Web page caption snippets:
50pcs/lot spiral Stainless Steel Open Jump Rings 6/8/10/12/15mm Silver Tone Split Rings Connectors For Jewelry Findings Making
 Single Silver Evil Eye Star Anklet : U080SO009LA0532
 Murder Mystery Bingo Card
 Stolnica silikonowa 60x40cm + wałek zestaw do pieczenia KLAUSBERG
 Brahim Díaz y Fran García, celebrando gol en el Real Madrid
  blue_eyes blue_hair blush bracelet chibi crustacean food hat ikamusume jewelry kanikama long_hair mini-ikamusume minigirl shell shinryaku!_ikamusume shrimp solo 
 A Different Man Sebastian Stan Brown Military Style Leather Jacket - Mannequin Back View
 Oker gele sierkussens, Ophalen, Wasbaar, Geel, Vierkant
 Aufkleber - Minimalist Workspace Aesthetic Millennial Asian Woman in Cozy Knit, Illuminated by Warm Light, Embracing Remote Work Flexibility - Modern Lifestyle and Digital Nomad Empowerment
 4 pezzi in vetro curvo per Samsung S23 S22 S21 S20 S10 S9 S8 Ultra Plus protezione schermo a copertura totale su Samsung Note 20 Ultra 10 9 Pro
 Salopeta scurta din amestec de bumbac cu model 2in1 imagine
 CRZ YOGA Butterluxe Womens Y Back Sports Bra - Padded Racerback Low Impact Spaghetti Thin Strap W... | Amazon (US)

Exercise instructions: Please copy each line of the records above that holds the word "Back".

Answer to the problem:
 A Different Man Sebastian Stan Brown Military Style Leather Jacket - Mannequin Back View
 CRZ YOGA Butterluxe Womens Y Back Sports Bra - Padded Racerback Low Impact Spaghetti Thin Strap W... | Amazon (US)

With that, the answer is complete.